The New Jersey Appellate Division has reversed the trial court’s dismissal of an out of state resident’s claim of age discrimination under New Jersey Law Against Discrimination. The decision is an important reminder to employers that New Jersey’s strong public policy to eradicate discriminate in all its ugly forms may extend to non-New Jersey residents who suffer from discrimination that is protected under the New Jersey state law.
In the case Trevejo v. Legal Cost Control, Inc., and John Marquess, the employee, Susan Trevejo, lived in Massachusetts and worked remotely from her home for the employer, whose principal place of business was located in Haddonfield, New Jersey. In claiming that she had standing to sue under the New Jersey Law Against Discrimination, Ms. Trevejo pointed out the fact that she was provided a company computer to connect to the company’s corporate server in New Jersey and a company phone to communicate with other company employees, some of whom lived and worked in New Jersey. The employer argued that Ms. Trevino was never a resident of New Jersey at any point in her employment, never lived in New Jersey and never sought or received any benefits from the state of New Jersey. The employer also pointed out the fact that although Ms. Trevejo had traveled to New Jersey for business at times during her employment, she had not done so any time from 2009 through 2015.

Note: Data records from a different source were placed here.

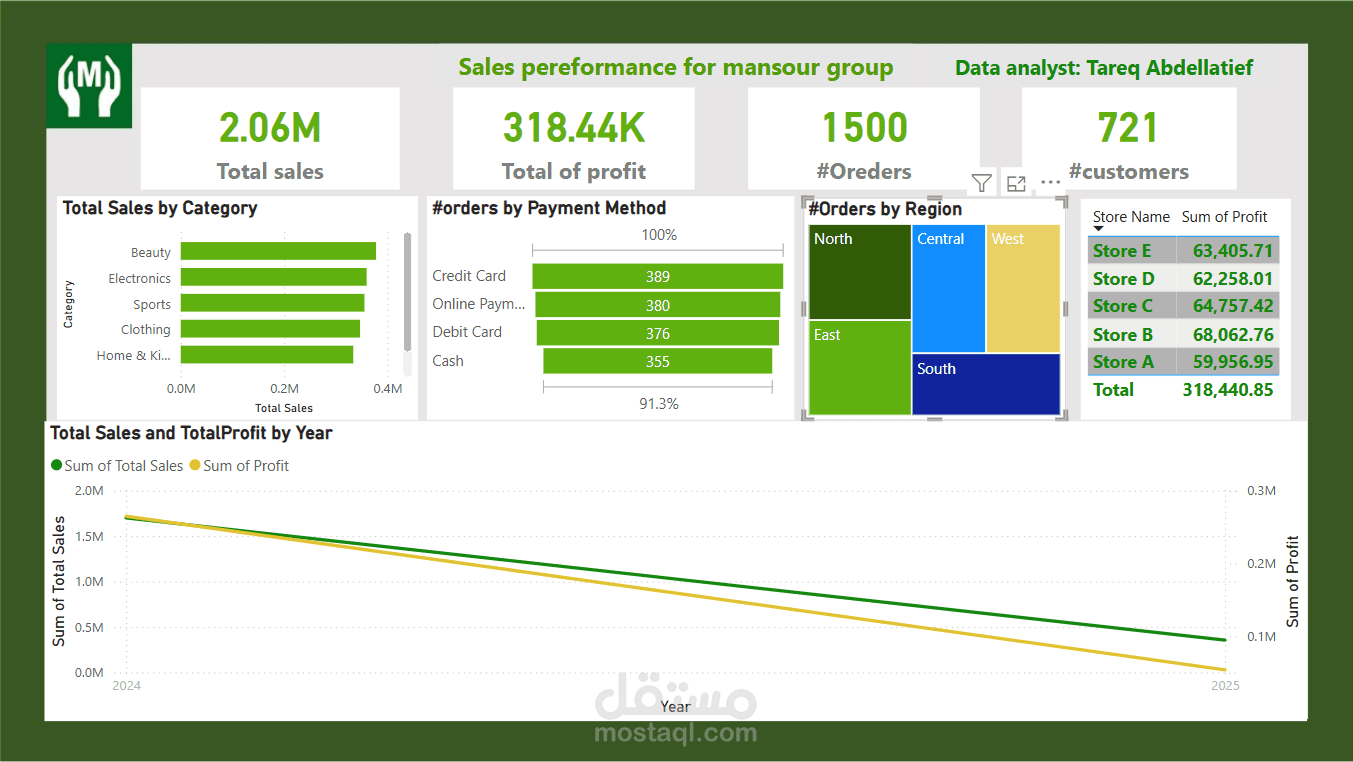 Sales Performance Dashboard for Mansour Group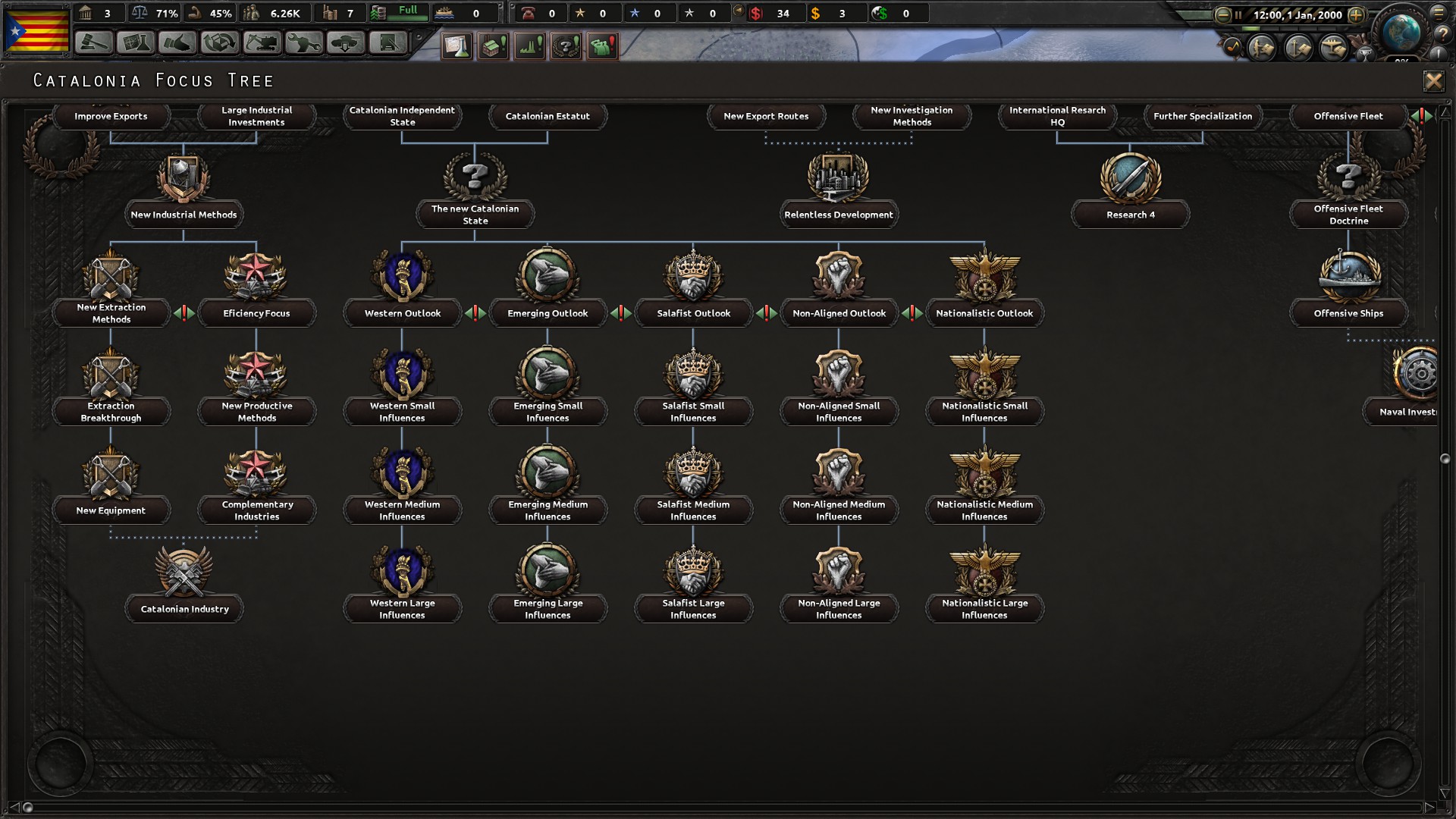 Hearts of iron 3 mods for steam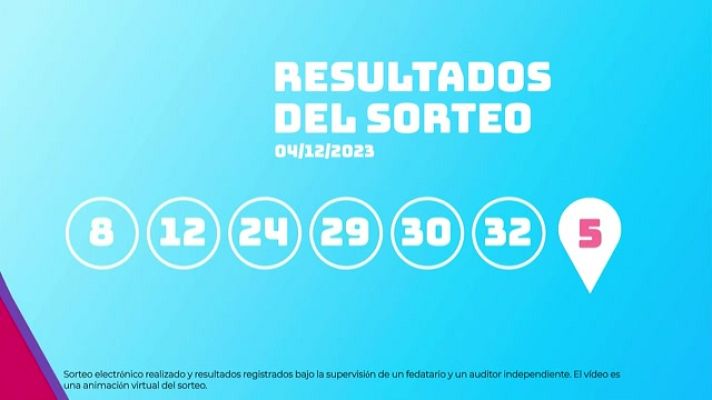 SELAE - Sorteo de la Lotería EuroDreams del 04/12/2023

Twelve years into her employment, the employer terminated Ms. Trevejo’s employment. In response, Ms. Trevejo filed a lawsuit alleging age discrimination under the New Jersey Law Against Discrimination. During the lawsuit, Ms. Trevejo’s employment lawyers requested broad discovery to prove she was entitled to pursue her age discrimination claims under New Jersey’s discrimination laws, including the nature and substance of her electronic and other virtual contact and connection to the employers’ New Jersey office as part of her day-to-day work activities.